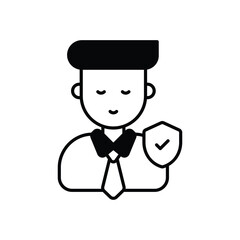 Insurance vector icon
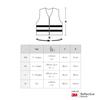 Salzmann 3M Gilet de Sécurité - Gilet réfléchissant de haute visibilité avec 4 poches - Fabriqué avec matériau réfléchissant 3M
---
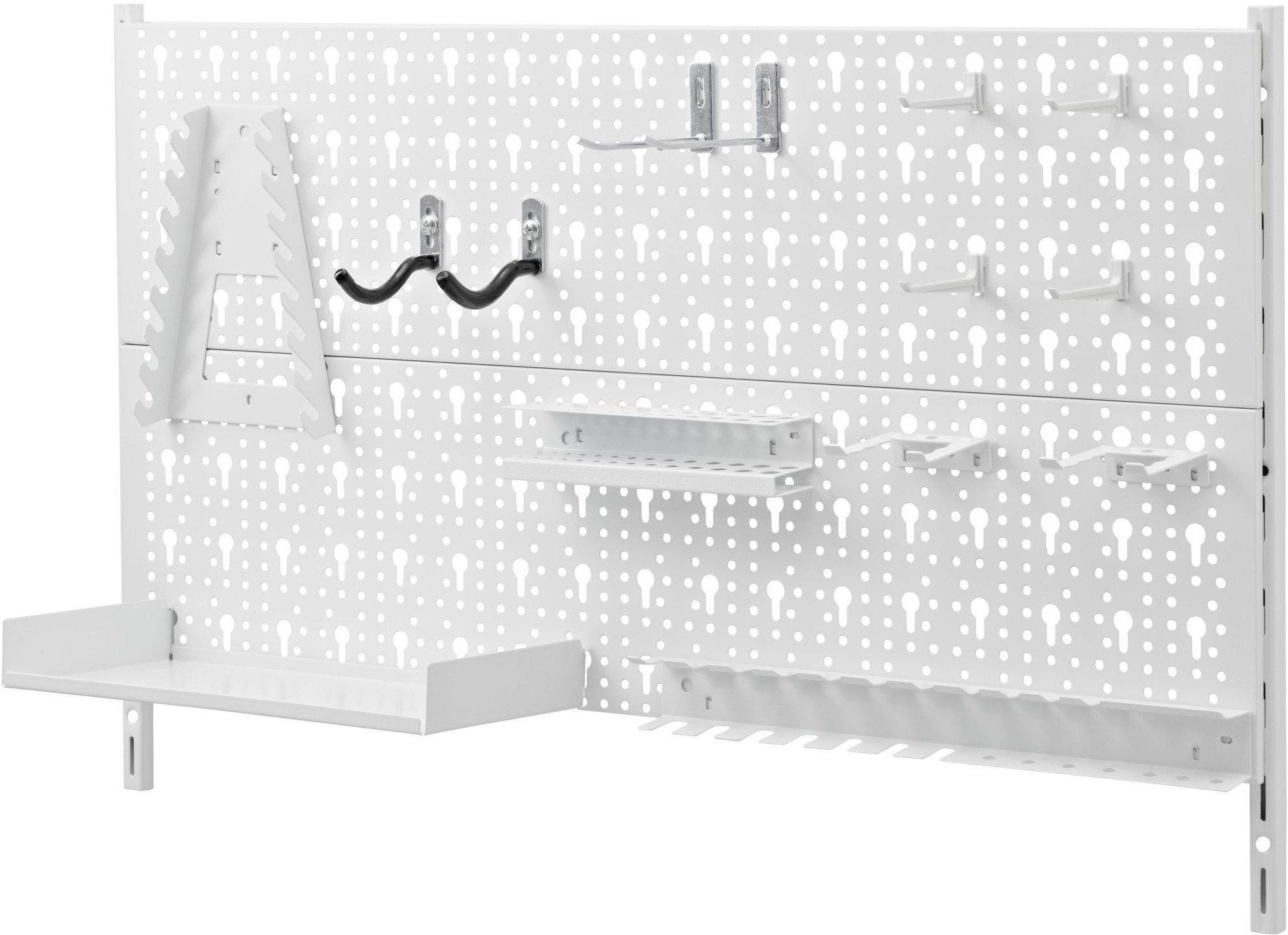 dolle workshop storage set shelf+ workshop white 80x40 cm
...
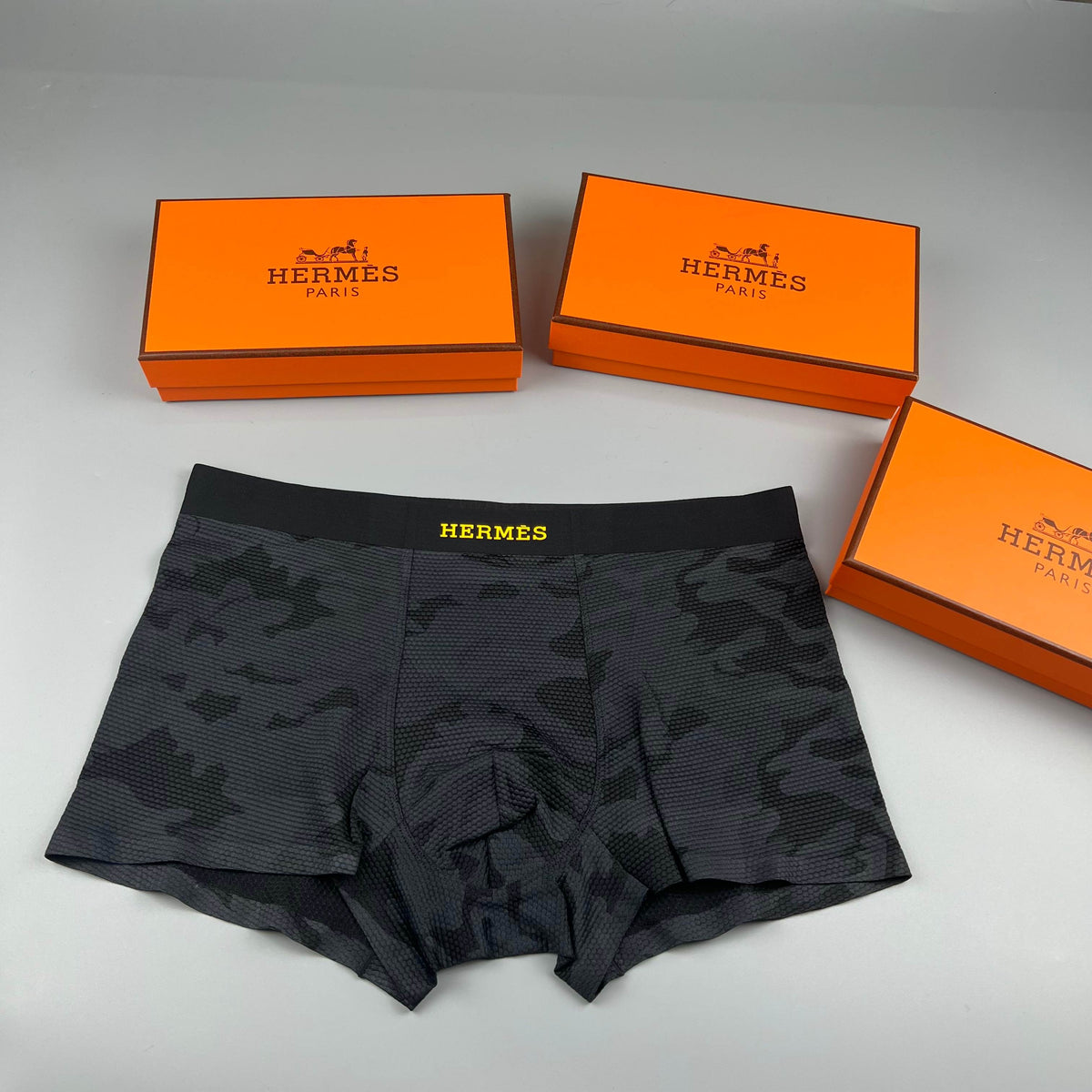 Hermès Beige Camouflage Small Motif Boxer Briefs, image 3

> PROBLEM STATEMENT
What's needed is an exact copy of the lines above from the one with "Insurance vector icon" through the one with "Salzmann 3M Gilet", both included; the pictures stay out.

> TASK SOLUTION
 Insurance vector icon
 Salzmann 3M Gilet de Sécurité - Gilet réfléchissant de haute visibilité avec 4 poches - Fabriqué avec matériau réfléchissant 3M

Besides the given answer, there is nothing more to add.